Regularity and separation for Sierpi\'nski products of graphs

TL;DR

This paper investigates the connectivity and regularity properties of Sierpiński products of graphs, providing necessary and sufficient conditions, and classifies regular polyhedral and planar Sierpiński products, including a study of special planar graphs.

Contribution

It offers the first complete classification of regular polyhedral and planar Sierpiński products, and introduces a new class of planar graphs with specific vertex-colouring properties.

Findings

Characterisation of higher connectivity conditions for Sierpiński products

Complete classification of regular polyhedral Sierpiński products

Complete classification of regular, connected, planar Sierpiński products

Abstract

The Sierpi\'nski product of graphs generalises the vast and relevant class of Sierpi\'nski-type graphs, and is also related to the classic lexicographic product of graphs.

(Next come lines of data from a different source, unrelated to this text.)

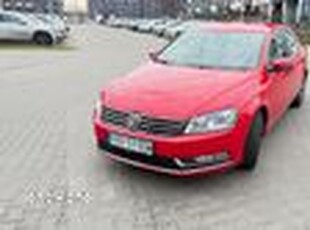 Używany Volkswagen Passat 2014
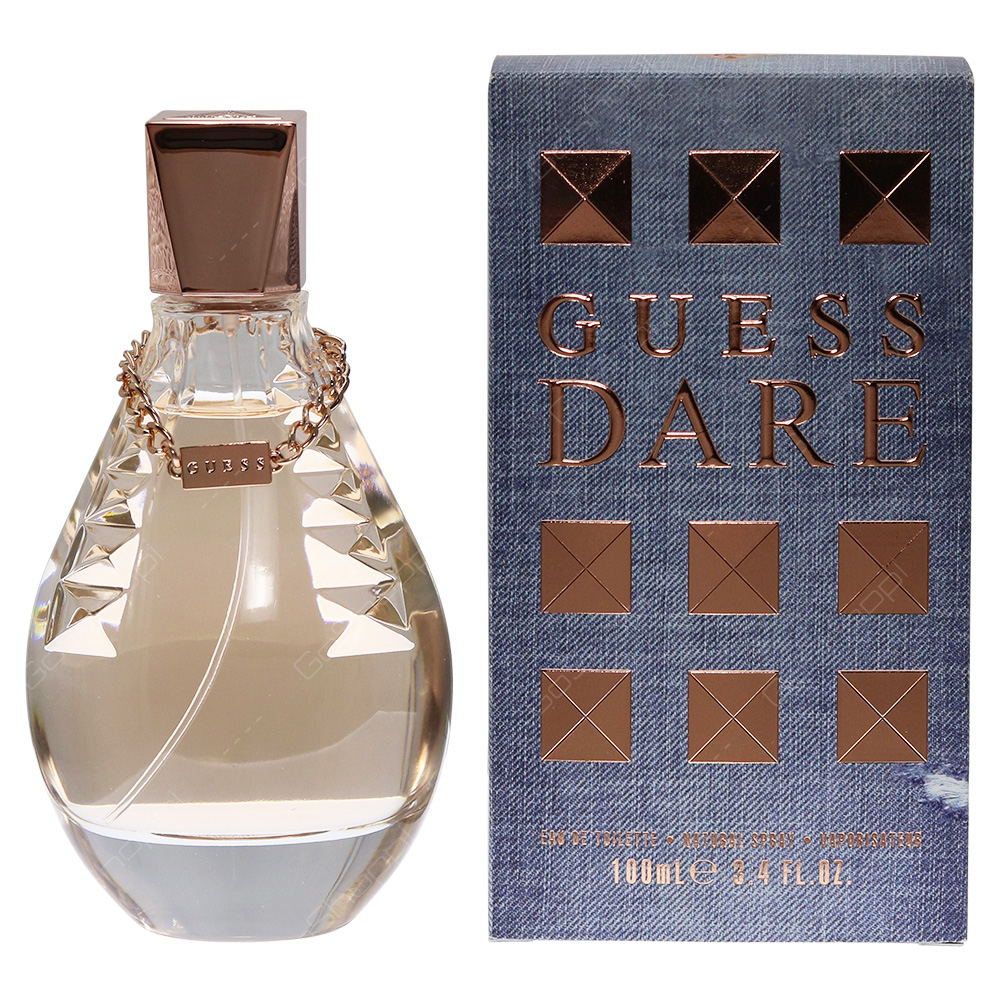 Guess Dare For Women Eau De Toilette 100ml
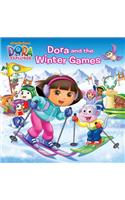 Dora and the Winter Games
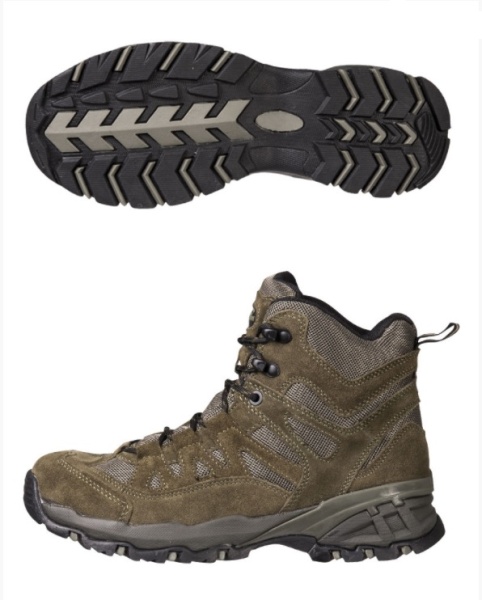 Ботинки SQUAD 5 INCH, цвет Olive 2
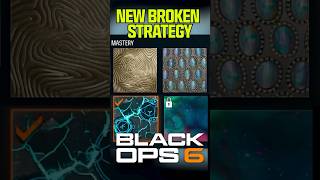 NEW MOST BROKEN Camo Strategy in Black Ops 6 Zombies Unlock Nebula EASY [upl. by Allebasi912]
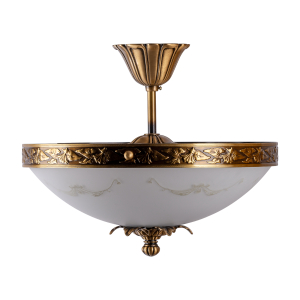 Потолочная люстра Ambiente 0848 0848/35 PL AB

Our first main results are necessary and sufficient conditions for the higher connectivity of Sierpi\'nski products. Among other applications, we characterise the polyhedral ($3$-connected and planar) Sierpi\'nski products of polyhedra. Our other main result is the complete classification of the regular polyhedral Sierpi\'nski products, and more generally of the regular, connected, planar Sierpi\'nski products. To prove this classification, we introduce and study the intriguing class of planar graphs where each vertex may be assigned a colour in such a way that each vertex has neighbours of the same set of colours and in the same cyclic order around the vertex. We also completely classify the planar lexicographic products.